In the gap between their first album for Rough Trade, 2007’s Hey Venus!, and Dark Days/Light Years, the personnel of Super Furry Animals have been on what one might call a busman’s holiday. Gruff Rhys has been exploring the life of maverick automobile manufacturer John DeLorean as part of electro-pop duo Neon Neon. Electronics guru Cian Ciaran has been in the studio labouring on the next record by his techno project,Acid Casuals. Drummer Daf Ieuan and bassist Guto Pryce, meanwhile, joined up with actor Rhys Ifans in gonzo Cardiff supergroup The Peth, an excellent excuse to party their way from Portmeirion Town Hall to Hoxton Bar And Grill without ever having to put on a pair of shoes.

No word from guitarist Huw ‘Bunf’ Bunford, which probably explains why he’s so keen to get stuck in here. Dark Days/Light Years commences with his “Crazy Naked Girls”, an indulgent voodoo-rock jam that romps along on romping Ringo drums, wah-wah-treated guitar freakouts, and at least three false endings. Clocking in at a little over six minutes, it’s more the sort of song to kick off an encore than a record, but at nine albums old, Super Furry Animals have got quite used to doing exactly what they please.

Whereas in music, a taste for eccentricity is so typically coupled

to a flash-in-the-pan lifespan, paradoxically for Super Furry Animals, it appears to be the secret of their impressive endurance. Their fans, a fiercely loyal bunch, wonder out loud why they’re not one of the biggest bands in rock. Everyone else notices songs called things like “The Very Best Of Neil Diamond” and “White Socks/Flip Flops”, an occasional tendency to sing in their mother tongue – represented here by the cheery “Lliwiau Llachar” (it translates as “Intensely Bright Colours”) – and a taste for peculiar subject matter. That last trait is admirably illustrated by “Inaugural Trams”, a corporate hymn dedicated to an imaginary city’s travel network, Gruff joyously reeling off a list of facts and figures about reduced pollution emissions and the like, interrupted only by a brief spoken-word segment in German courtesy of Franz Ferdinand’s Nick McCarthy. In the hands of others, this sort of activity might feel like arsing around. In the hands of Super Furry Animals – who have always known when to play it straight, as well as strange – it’s the mark of a band that will never be content resting on their laurels.

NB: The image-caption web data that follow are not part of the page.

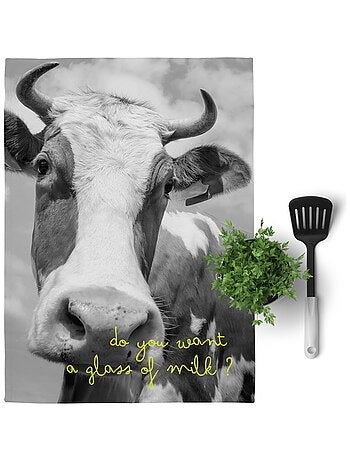 Torchon (2 pièces) Farm "Happyfriday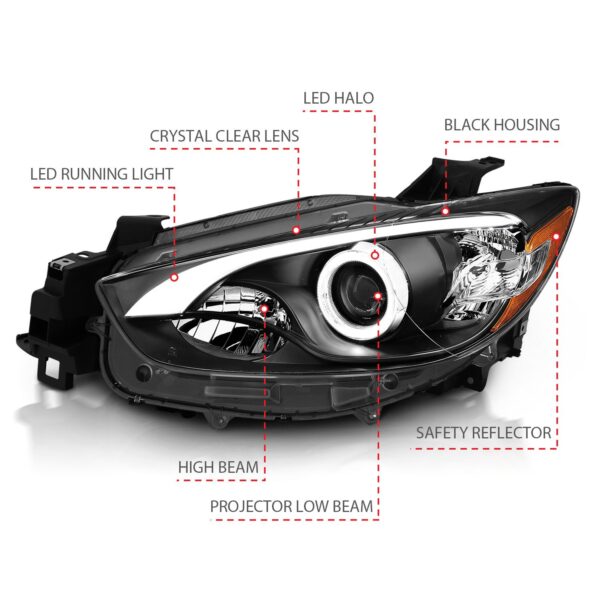 ANZO USA Projector Headlight Set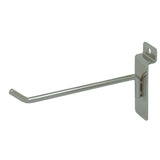Deluxe 6 Inch Slatwall Hooks in Chrome Black and White - ExecuSystems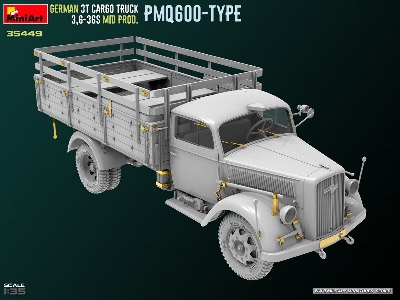 German 3t Cargo Truck 3,6-36s Mid Prod. Pmq600-type - zdjęcie 3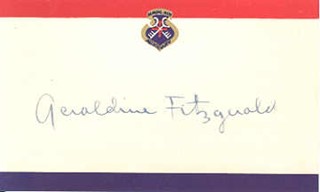 Geraldine Fitzgerald autograph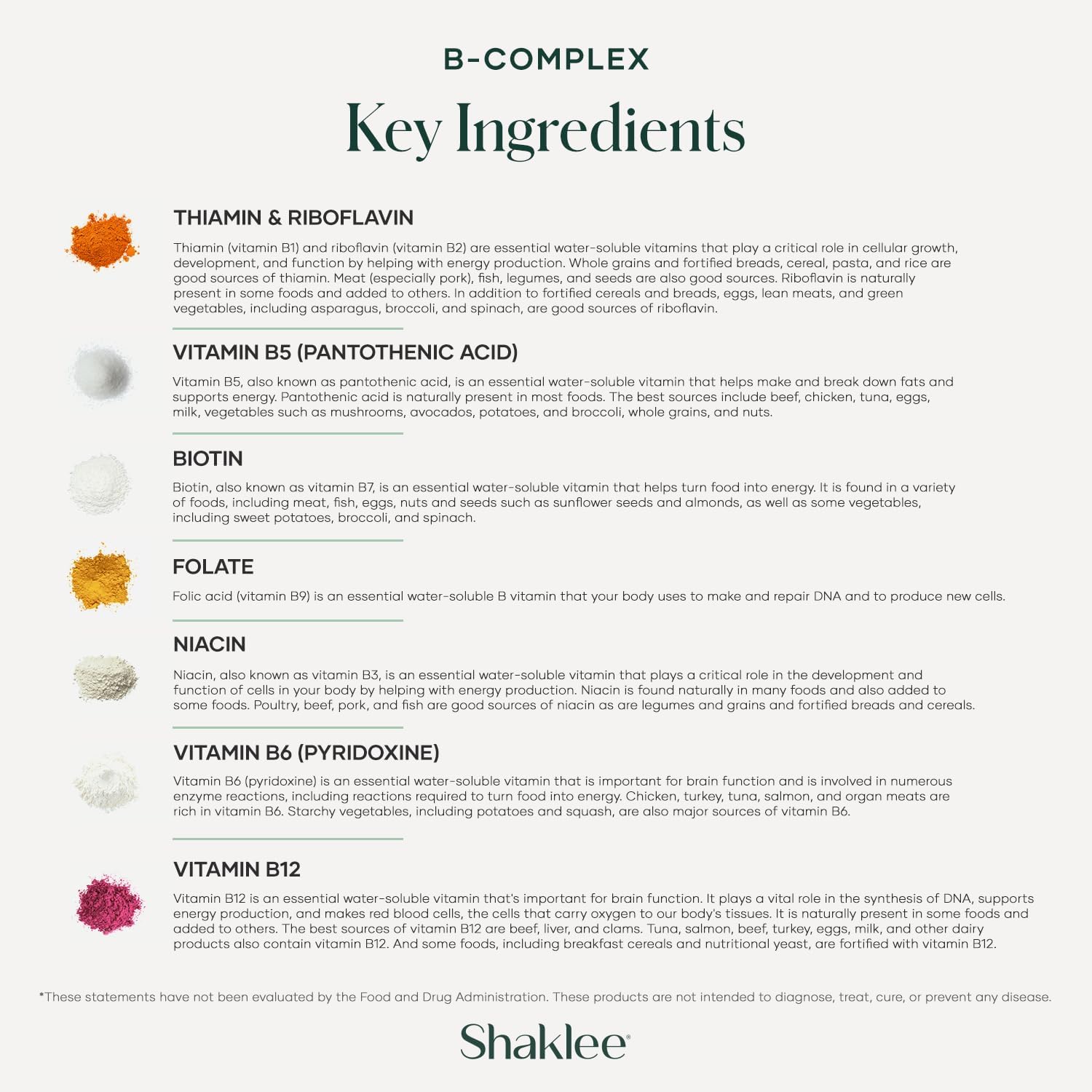 Shaklee - Complejo B - Impulso de Energía con Sistema de Absorción Bioactivada Patentado - Vitaminas B para el Bienestar - Apoya la Energía, Salud Cardiovascular y Cerebral - 240 Comprimidos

But if recent Furries albums have shown a sneaking tendency towards sleepy country balladry, Dark Days/Light Years seems keen to slide out of that particular hammock. The attendant press communiqué suggests Daf has developed “a pedal steel phobia”, and it’s true, this is a more upbeat Furries, more concerned with the interplay of a live band, the dynamics of riff and groove. “Inconvenience” and “Mountain” are uncomplicated glam stomps, the former a close ringer for The Sweet’s “Blockbuster” (and their own “Golden Retriever”), the latter a lyrically absurdist number sung by Cian that seems to concern the noble practice of chilling out and getting things in perspective. Electronics do have a place here, although they’re inevitably woven into the fabric of songs, most successfully on “Cardiff In The Sunshine”, a gorgeous eight-minute album centrepiece that winds vocoder-treated vocals, ascending synth lines and acid squelches from gentle beginnings towards a sunburst climax.

Gruff, it must be said, still writes the best songs. “The Very Best Of Neil Diamond” blends a vaguely Eastern guitar line with tin-can rattles and a haunting vocoder refrain, while “Moped Eyes” is the album’s highlight – a deft, funky number smeared with gorgonzola organ that’s oddly reminiscent of Beck’s Midnite Vultures, not least for Gruff’s delivery, all whooped vocal tics and ice-cold rhymes: “Hot wheels at traffic lights/Hot deals, transactional rights/From middle-aged sophisticates/To stone-aged reprobates”.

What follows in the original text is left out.